En route pour le Buckingham Club, il s’arrêta chez un fleuriste, et envoya à Sybil une magnifique corbeille de narcisses, aux ravissants pétales blancs, et d’adonis éclatants ; dès qu’il fut arrivé au club, il alla tout droit à la bibliothèque, sonna, et ordonna au garçon de lui apporter un citron au soda et un livre de toxicologie. Il avait décidé qu’au fond le poison était le meilleur moyen à adopter dans cette ennuyeuse affaire. Tout ce qui ressemblait à la violence physique lui était extrêmement désagréable, et d’ailleurs, il désirait vivement ne pas assassiner Lady Clementina de quelque manière qui attirât l’attention publiquement, car il détestait l’idée d’être fêté comme un personnage célèbre chez Lady Windermere, ou de voir figurer son nom dans les entrefilets de vulgaires journaux mondains.

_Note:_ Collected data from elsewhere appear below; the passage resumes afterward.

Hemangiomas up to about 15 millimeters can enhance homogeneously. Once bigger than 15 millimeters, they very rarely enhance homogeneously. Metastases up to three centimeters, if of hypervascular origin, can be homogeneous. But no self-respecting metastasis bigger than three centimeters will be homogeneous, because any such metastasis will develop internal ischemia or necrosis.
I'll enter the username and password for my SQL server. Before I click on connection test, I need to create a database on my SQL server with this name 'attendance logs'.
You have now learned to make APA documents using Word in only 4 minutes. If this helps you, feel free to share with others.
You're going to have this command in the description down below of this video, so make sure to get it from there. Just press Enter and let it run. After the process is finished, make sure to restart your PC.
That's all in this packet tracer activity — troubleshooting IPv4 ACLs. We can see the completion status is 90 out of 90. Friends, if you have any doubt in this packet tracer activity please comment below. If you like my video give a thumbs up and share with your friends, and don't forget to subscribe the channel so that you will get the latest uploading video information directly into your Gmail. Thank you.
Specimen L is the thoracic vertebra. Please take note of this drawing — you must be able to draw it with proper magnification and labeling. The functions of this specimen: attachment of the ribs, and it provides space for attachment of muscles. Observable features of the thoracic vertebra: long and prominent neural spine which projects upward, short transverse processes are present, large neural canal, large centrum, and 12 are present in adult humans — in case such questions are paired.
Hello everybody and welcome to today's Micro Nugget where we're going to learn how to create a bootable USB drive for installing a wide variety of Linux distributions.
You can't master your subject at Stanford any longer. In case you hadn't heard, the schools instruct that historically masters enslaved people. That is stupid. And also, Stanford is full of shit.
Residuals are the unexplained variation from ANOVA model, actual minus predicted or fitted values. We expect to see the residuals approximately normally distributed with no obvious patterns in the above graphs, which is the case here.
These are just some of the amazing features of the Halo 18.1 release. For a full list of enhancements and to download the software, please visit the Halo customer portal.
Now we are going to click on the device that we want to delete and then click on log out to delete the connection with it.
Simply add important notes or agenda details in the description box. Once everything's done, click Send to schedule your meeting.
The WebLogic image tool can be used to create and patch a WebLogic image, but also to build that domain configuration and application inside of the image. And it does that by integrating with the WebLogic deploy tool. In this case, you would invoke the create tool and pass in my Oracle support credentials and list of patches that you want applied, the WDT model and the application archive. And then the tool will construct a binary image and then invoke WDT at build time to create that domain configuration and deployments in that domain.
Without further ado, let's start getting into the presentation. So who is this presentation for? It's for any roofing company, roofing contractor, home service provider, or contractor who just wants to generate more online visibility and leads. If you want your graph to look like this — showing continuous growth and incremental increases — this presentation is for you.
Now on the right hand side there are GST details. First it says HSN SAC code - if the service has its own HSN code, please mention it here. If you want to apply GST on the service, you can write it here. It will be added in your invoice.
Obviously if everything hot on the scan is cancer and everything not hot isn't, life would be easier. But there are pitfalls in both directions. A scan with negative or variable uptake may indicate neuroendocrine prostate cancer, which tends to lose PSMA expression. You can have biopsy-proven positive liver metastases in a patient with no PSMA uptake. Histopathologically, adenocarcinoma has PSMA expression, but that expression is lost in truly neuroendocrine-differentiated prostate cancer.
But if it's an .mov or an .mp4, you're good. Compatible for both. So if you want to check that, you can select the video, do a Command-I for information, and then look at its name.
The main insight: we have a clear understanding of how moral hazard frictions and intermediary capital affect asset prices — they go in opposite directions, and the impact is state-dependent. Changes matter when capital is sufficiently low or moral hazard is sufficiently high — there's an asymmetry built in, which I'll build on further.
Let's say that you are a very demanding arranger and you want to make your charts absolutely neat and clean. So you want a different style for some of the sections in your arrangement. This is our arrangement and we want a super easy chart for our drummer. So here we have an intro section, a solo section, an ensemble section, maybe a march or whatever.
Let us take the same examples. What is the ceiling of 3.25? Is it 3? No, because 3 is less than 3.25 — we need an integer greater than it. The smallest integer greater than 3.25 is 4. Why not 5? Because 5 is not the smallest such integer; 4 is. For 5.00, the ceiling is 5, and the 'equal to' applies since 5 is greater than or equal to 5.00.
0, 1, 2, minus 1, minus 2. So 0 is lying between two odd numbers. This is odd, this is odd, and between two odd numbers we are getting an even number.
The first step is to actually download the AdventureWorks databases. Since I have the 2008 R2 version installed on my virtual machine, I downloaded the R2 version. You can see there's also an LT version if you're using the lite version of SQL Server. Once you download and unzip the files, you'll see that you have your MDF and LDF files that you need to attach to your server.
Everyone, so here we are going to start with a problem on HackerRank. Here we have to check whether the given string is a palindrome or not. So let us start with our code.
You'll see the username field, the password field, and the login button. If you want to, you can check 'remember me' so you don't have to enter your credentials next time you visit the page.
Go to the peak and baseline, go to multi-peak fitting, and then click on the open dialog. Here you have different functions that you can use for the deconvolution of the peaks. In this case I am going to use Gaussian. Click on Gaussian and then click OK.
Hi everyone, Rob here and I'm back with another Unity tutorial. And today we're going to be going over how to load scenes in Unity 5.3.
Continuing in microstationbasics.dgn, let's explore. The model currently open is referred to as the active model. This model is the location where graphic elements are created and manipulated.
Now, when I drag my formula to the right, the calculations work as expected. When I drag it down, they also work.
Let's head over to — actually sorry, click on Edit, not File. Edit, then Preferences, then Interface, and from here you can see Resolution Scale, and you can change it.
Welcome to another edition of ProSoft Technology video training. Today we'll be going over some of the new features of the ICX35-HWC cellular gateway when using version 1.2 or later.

Il lui fallait songer aussi au père et à la mère de Sybil, qui étaient des gens un peu vieux jeu, et qui pouvaient s’opposer au mariage s’il y avait quoi que ce fût qui ressemblât à un scandale, bien qu’il fût convaincu que s’il leur contait tous les détails de l’affaire, ils seraient les tout premiers à approuver les motifs qui le poussaient à agir. Il avait donc toutes les raisons du monde de porter son choix sur le poison. Ce procédé était sûr, efficace et silencieux, et supprimait toute nécessité de scènes pénibles, pour lesquelles, comme la plupart des Anglais, il avait une profonde répugnance.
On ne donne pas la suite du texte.